Believing as he did that it was essential to preserve the integrity and security of these colonies that the whole of their forces should be amalgamated into one great federal army, feeling this, and seeing no other means of attaining the end, it seemed to him that the time was close at hand when they ought to set about creating this great national government for all Australia.  [Parkes appropriately added that, with the completed Brisbane to Sydney railway]: They had now, from South Australia to Queensland, a stretch of about 2000 miles of railway, and if the four colonies could only combine to adopt a uniform gauge, it would be an immense advantage in the movement of troops. (Crowley, 1980:281).

A ‘White Australia’

To parallel the colonies’ fear of invasion was the “fear and loathing of other races.” (Alomes and Jones, 1991:125). Henningham summarises both:

Australia’s geography – further from the colonist’s ‘home’ than almost any place on earth, and separated by only a narrow sea passage from the ‘teeming millions’ of Asia – resulted in the development of a xenophobic, isolationist world view, in which psychological barriers were erected against near neighbours.  (Henningham, 1995, p 2).

Fuelled by the concept of Social Darwinism, the colonists were also anxious to maintain white purity which was under threat of ‘decay’ from the Indigenous population, and more predominantly, from the ‘invasion’ of Chinese who had arrived as diggers on the goldfields some decades earlier. “Anti-Chinese paranoia” (Kingston, 1993:137) however, extended beyond the arguments of Social Darwinism. Fostered as anti-Christian by the popular press, and with government enquiries into their alleged gambling habits and drug use, the Chinese were seen as the mental and moral corrupters of society. The anti-Chinese sentiment was also extended to an anxiety about economic competition given that in a variety of lowly occupations the Chinese were seen as a threat to wages and conditions, due to their acceptance of both at a level below the standards of the white worker. Such sentiments were also directed towards the Kanakas: the Pacific Islanders employed in large numbers in the Queensland sugar industry.

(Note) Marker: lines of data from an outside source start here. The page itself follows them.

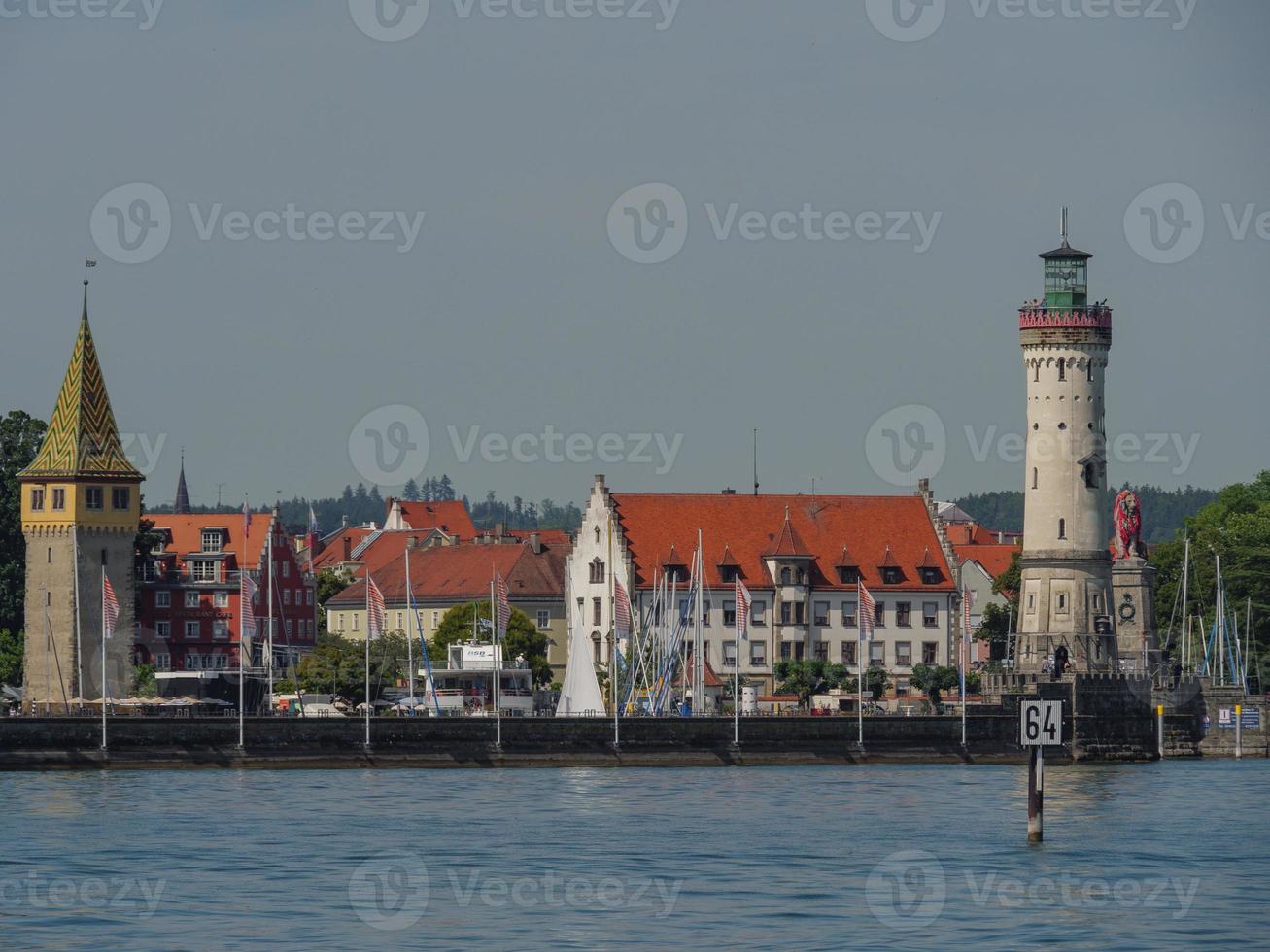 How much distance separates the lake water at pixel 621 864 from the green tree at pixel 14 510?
112ft

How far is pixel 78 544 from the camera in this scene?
4911 inches

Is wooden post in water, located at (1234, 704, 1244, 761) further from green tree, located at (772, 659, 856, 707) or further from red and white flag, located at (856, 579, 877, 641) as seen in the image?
red and white flag, located at (856, 579, 877, 641)

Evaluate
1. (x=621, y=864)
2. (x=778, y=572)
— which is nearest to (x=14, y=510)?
(x=778, y=572)

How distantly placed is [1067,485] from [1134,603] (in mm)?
15056

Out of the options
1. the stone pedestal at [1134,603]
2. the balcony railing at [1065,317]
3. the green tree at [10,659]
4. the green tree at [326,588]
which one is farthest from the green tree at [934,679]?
the green tree at [326,588]

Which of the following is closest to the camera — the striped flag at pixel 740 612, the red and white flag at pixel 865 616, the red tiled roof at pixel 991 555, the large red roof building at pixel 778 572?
the striped flag at pixel 740 612

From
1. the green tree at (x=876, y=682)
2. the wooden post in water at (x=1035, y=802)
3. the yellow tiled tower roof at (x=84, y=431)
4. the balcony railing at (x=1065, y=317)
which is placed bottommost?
the wooden post in water at (x=1035, y=802)

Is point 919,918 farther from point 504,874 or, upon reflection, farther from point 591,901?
point 504,874

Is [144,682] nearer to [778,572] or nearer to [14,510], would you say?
[14,510]

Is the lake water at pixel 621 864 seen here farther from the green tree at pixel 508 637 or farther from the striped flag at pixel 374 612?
the green tree at pixel 508 637

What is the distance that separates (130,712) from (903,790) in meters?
36.2

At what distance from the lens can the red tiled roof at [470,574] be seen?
167 metres

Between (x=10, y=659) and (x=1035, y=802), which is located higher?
(x=10, y=659)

Adopting their own measures the individual colonies passed legislations limiting Chinese immigration. The colonists, being mainly Britannic Australians and intolerant of all races except the Anglo-Saxon, wanted it kept that way. Uniform immigration policies under the guise of federation would endorse this sentiment – without interference from the racially tolerant British.

This draws two conclusions: that one of the foundations of Australia is racism; and that Federation was the rationale to maintain white superiority. Subsequently, the first act of the new parliament was the Immigration Restriction Act which gave Australia national immigration policies such as the White Australia Policy. ‘White Australia,’ was designed to keep out Asian migrants and serve as “an ideological function in reinforcing the concept of an all-white nation.” (McGrath, 1995:365).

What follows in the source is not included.